Records contained in a dataset
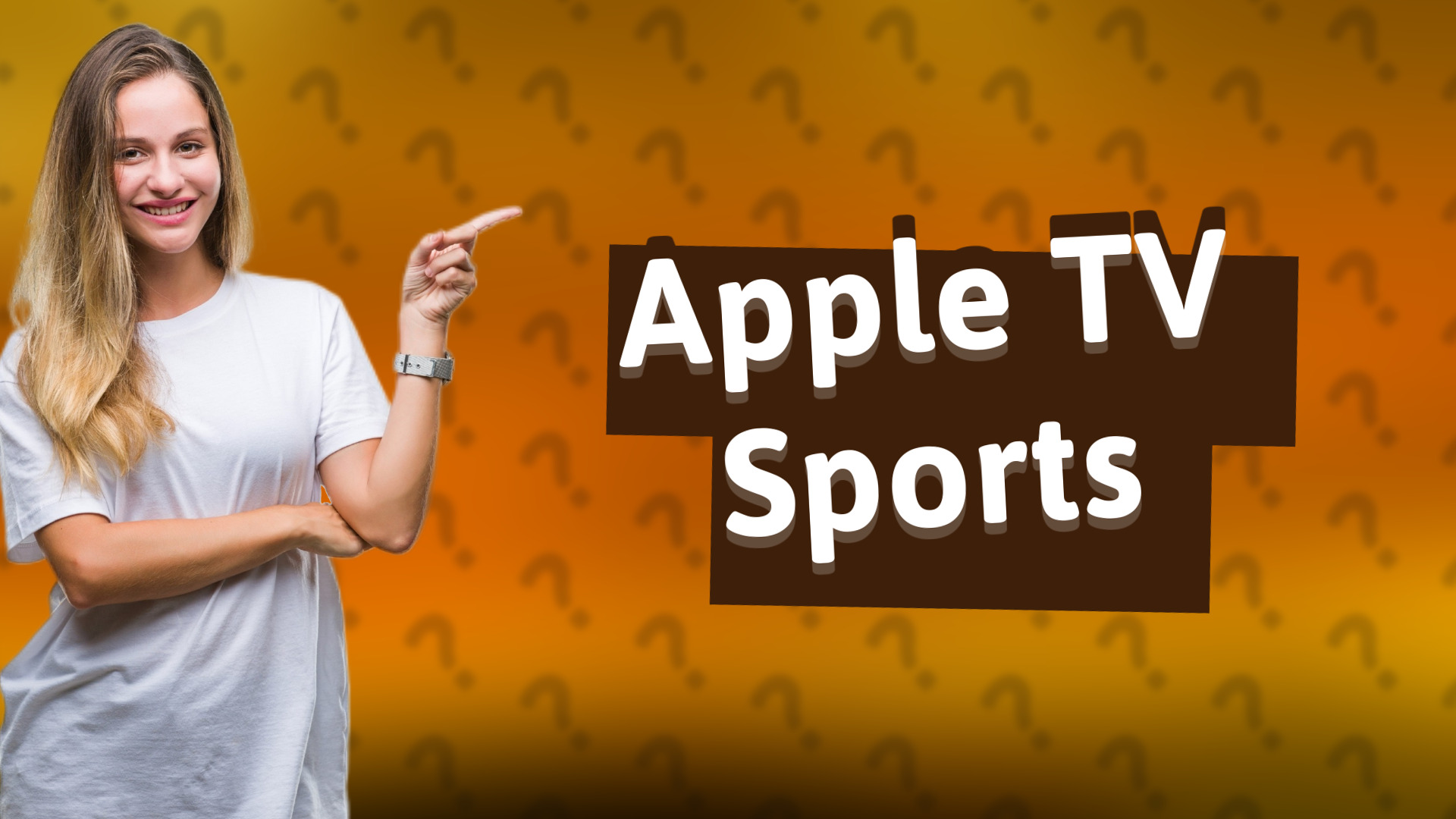 Apple TV Sports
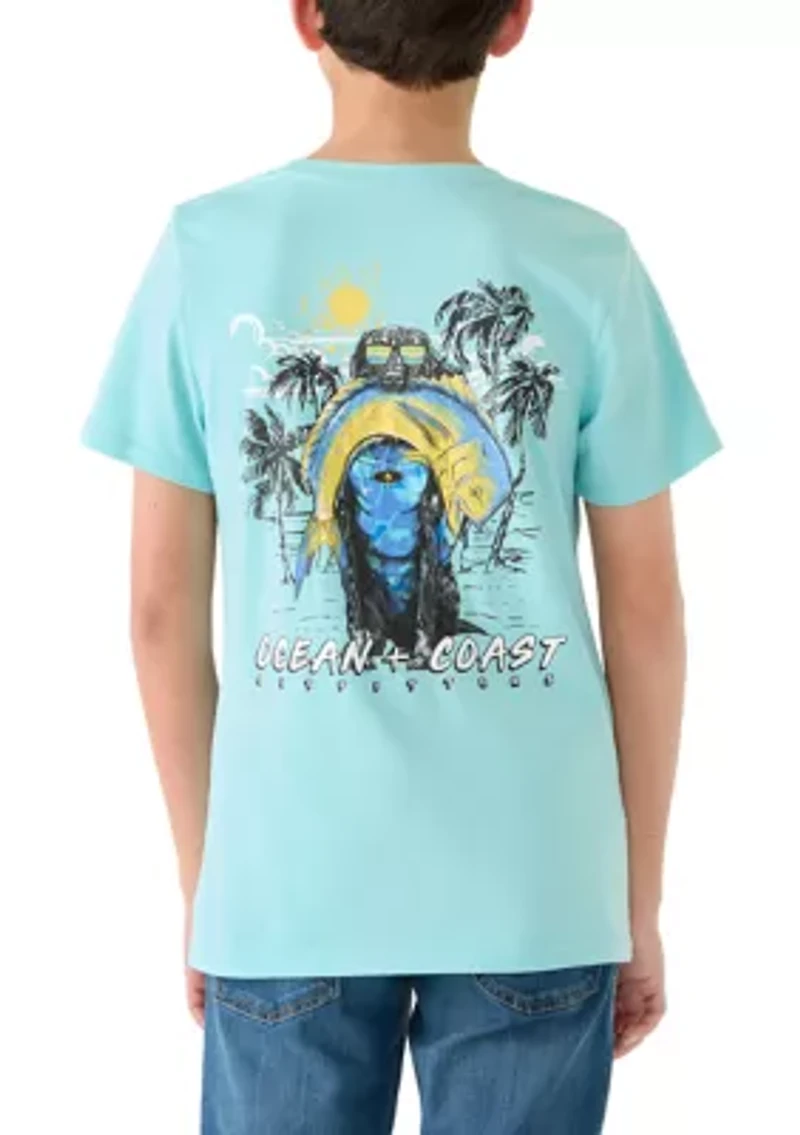 Boys 8-20 Short Sleeve Graphic T-Shirt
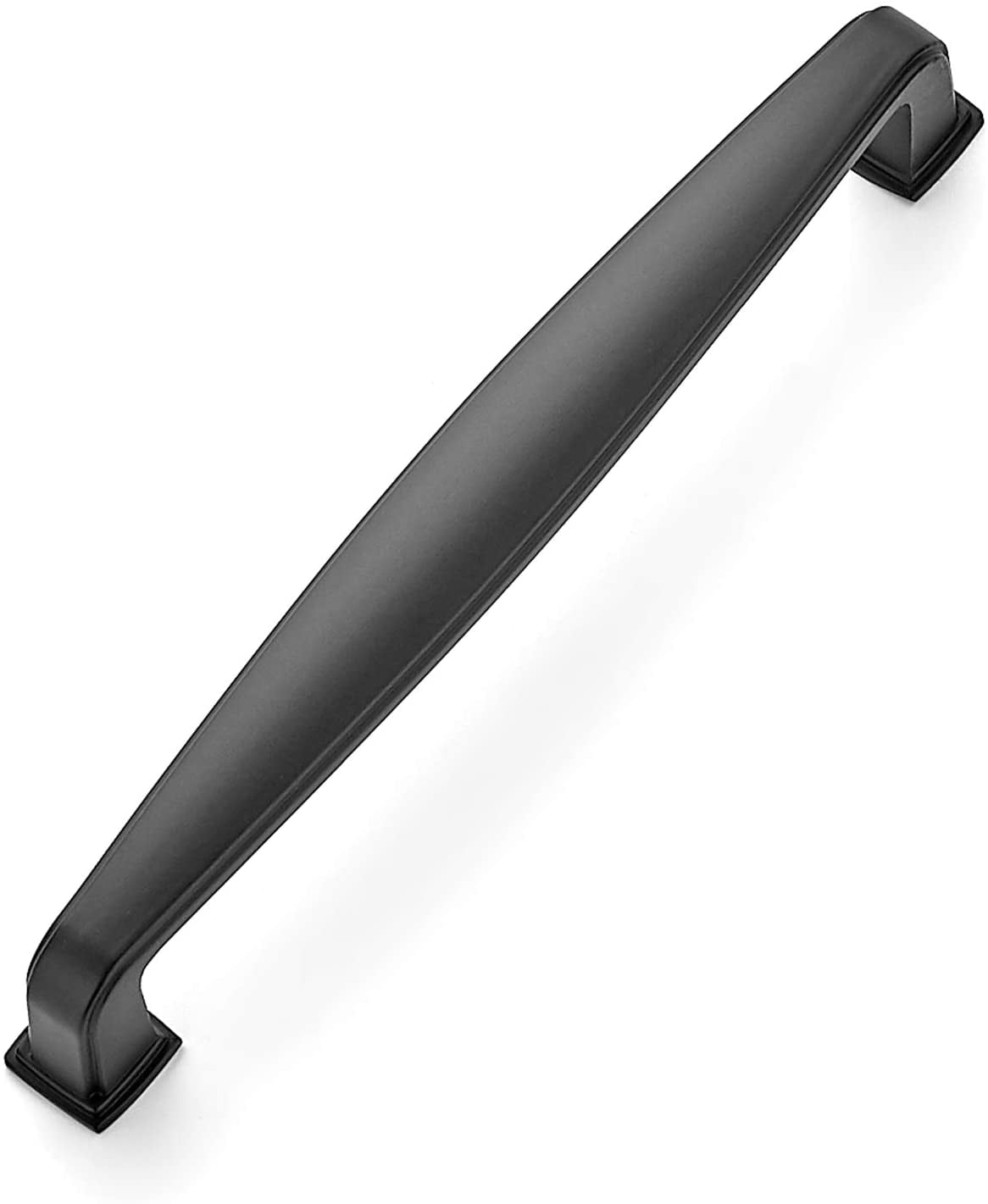 Zoizocp 1 Pack Solid 5 Inch Kitchen Handles Matte Black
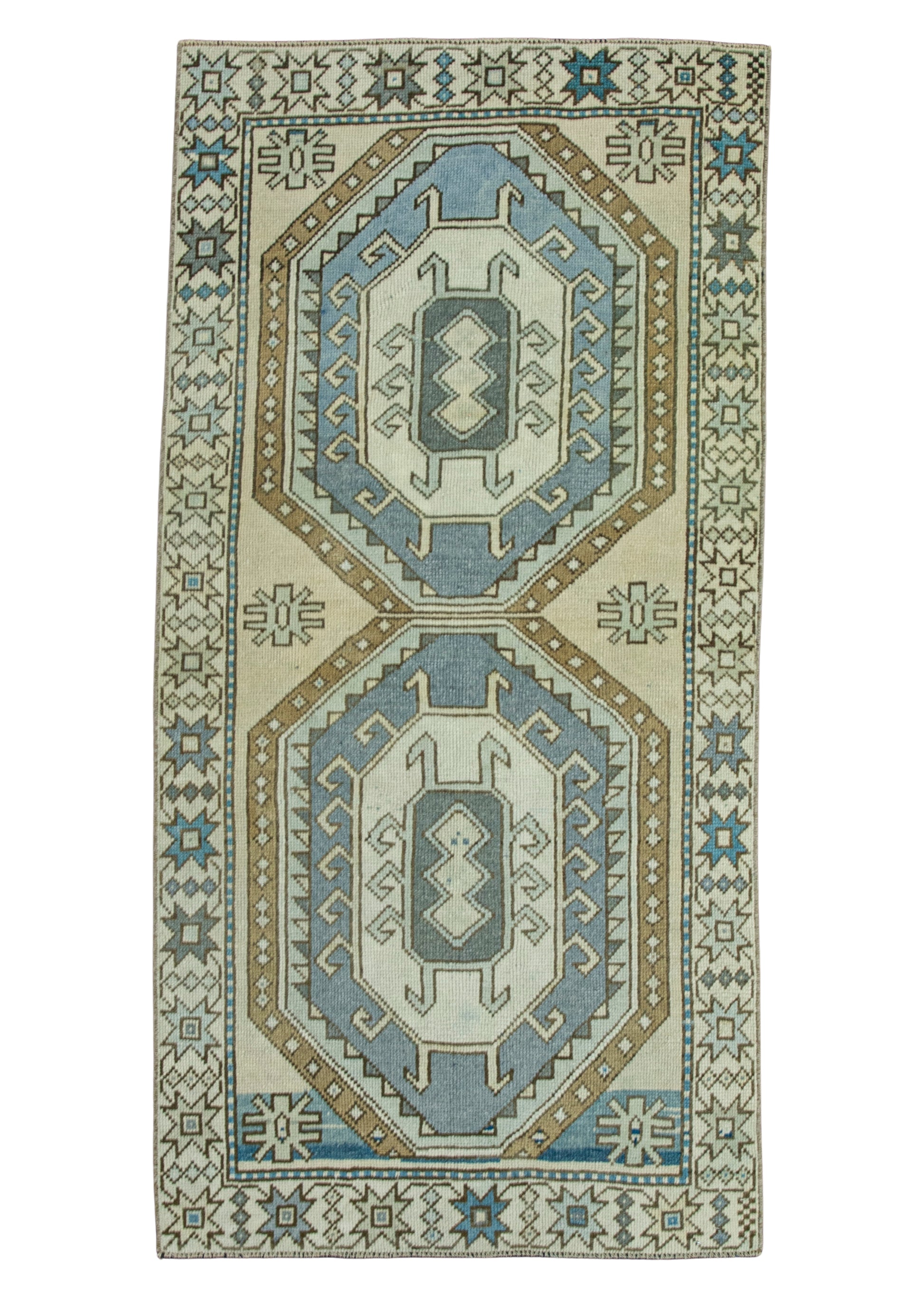 Turkish Vintage Rug  3' x 5'11" #20670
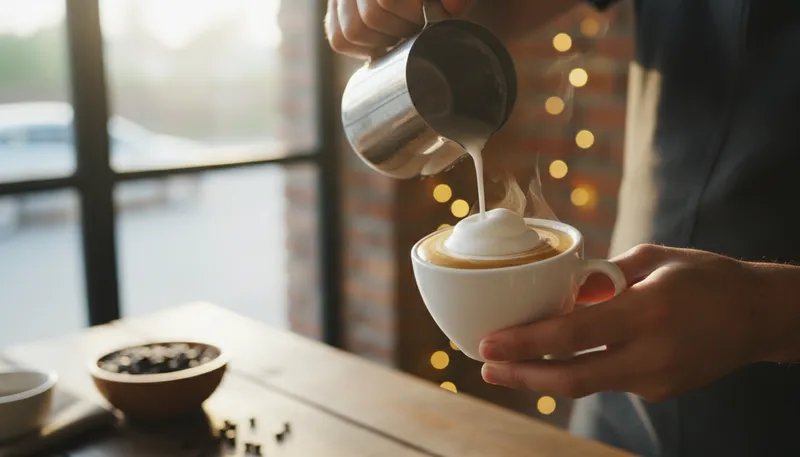 Illustration of frothy: Light and bubbly, often like foam.
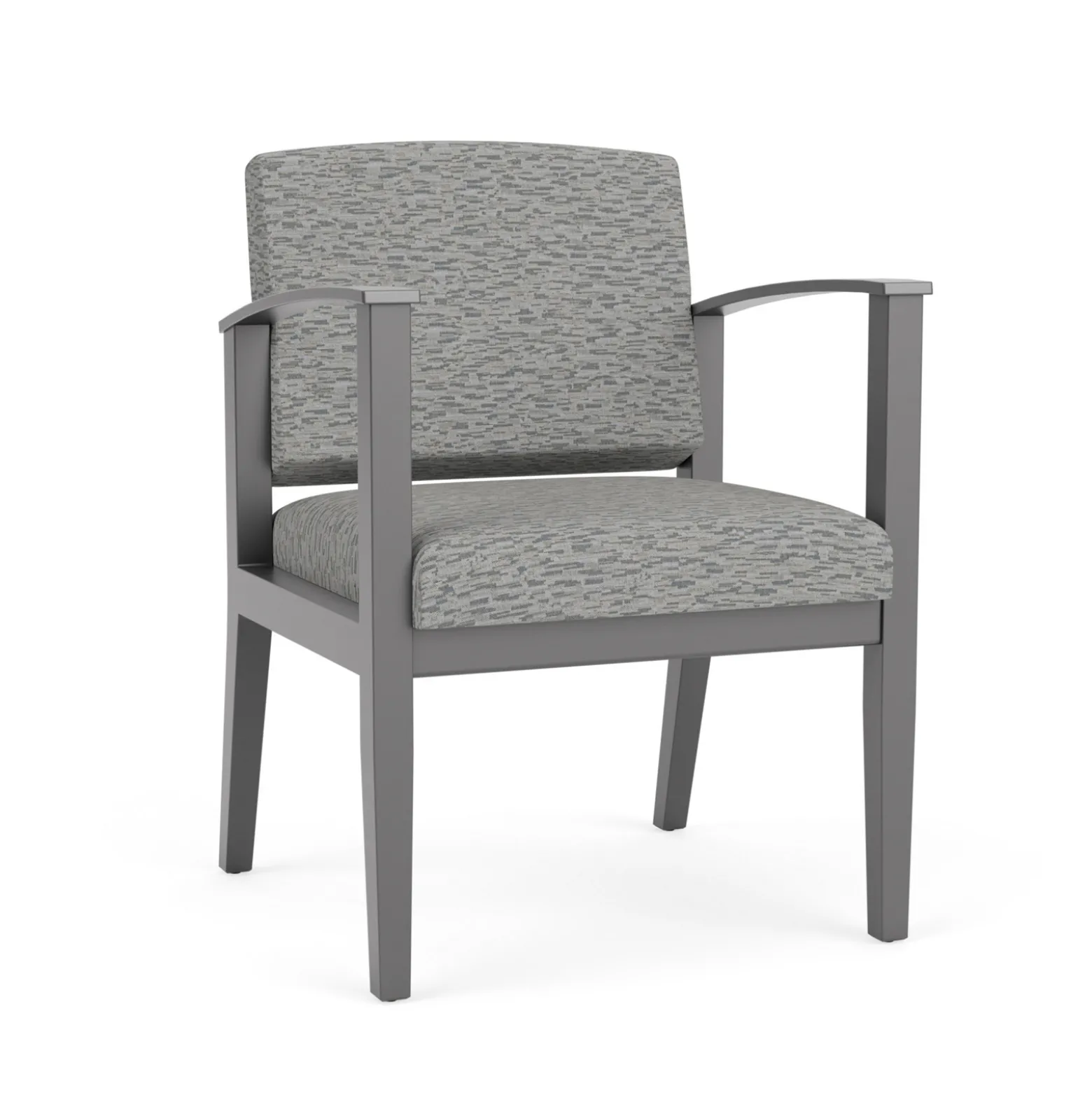 Mason Street Wood Guest Chair in Standard Upholstery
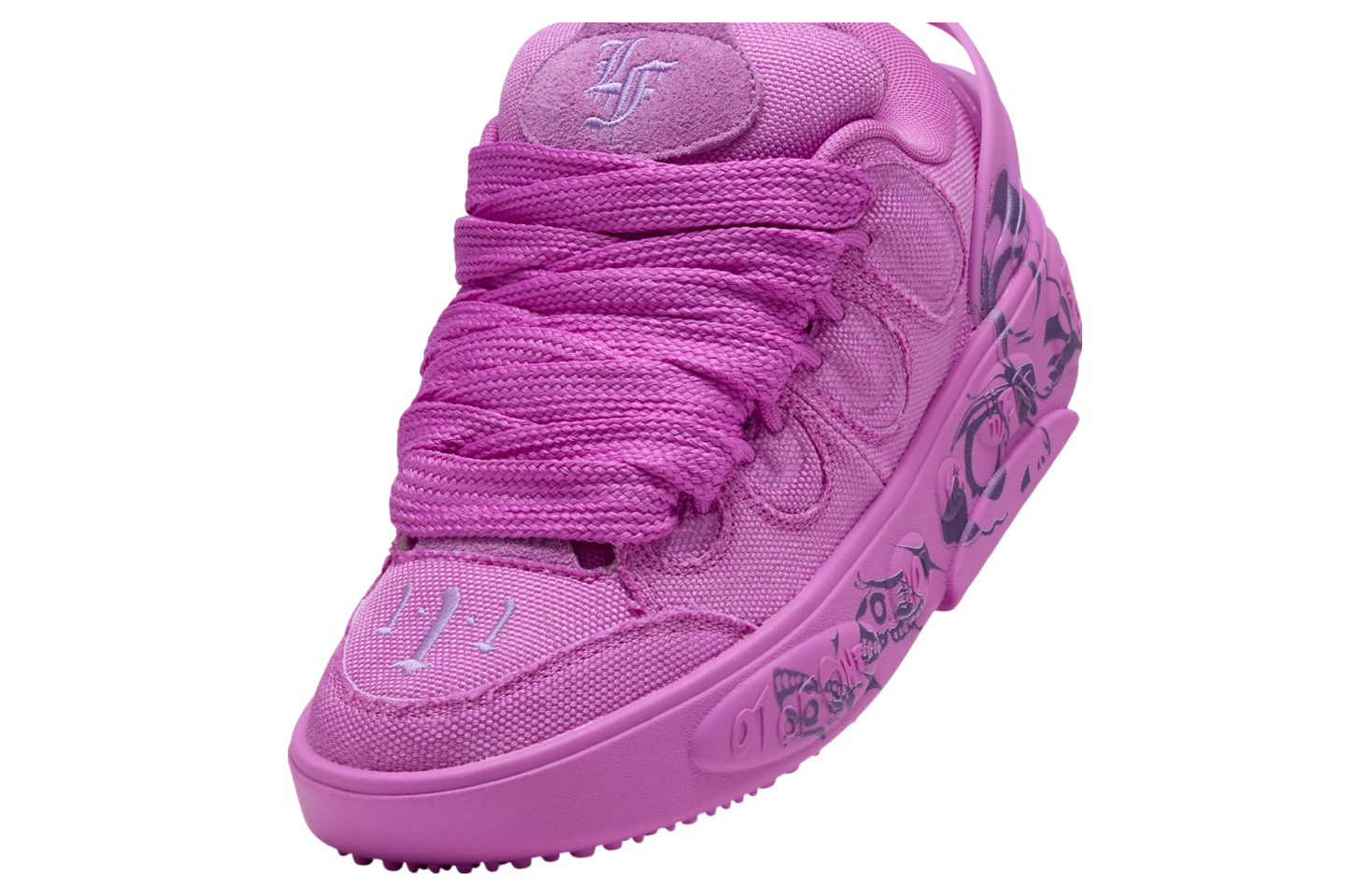 ⭐︎lalala⭐︎ Puma x Lamelo Ball Lafrancé Butterfly GS Pure Magenta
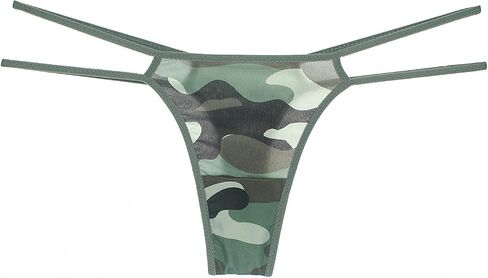 Cotton G String Thongs For Women Sexy Seamless Underwear High Waisted Breathable Lingeries in Saudi Arabia
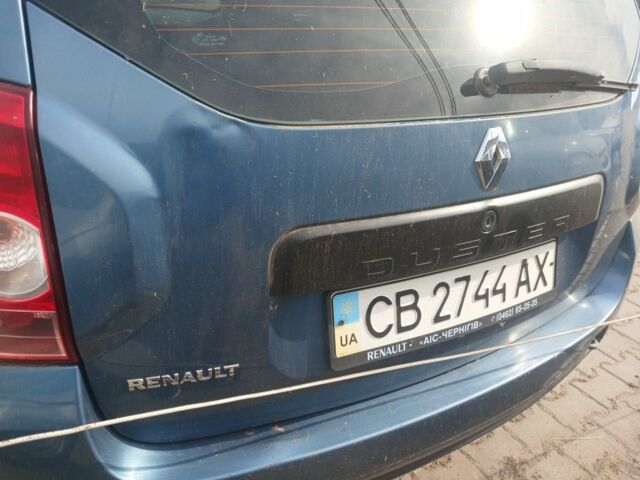 Синий Рено Дастер, объемом двигателя 0 л и пробегом 75 тыс. км за 4500 $, фото 4 на Automoto.ua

--- EXERCISE OBJECTIVE ---
Give the entries again exactly. Pictures stay out.

--- ANSWER ---
 Apple TV Sports
 Boys 8-20 Short Sleeve Graphic T-Shirt
 Zoizocp 1 Pack Solid 5 Inch Kitchen Handles Matte Black
 Turkish Vintage Rug  3' x 5'11" #20670
 Illustration of frothy: Light and bubbly, often like foam.
 Mason Street Wood Guest Chair in Standard Upholstery
 ⭐︎lalala⭐︎ Puma x Lamelo Ball Lafrancé Butterfly GS Pure Magenta
 Cotton G String Thongs For Women Sexy Seamless Underwear High Waisted Breathable Lingeries in Saudi Arabia
 Синий Рено Дастер, объемом двигателя 0 л и пробегом 75 тыс. км за 4500 $, фото 4 на Automoto.ua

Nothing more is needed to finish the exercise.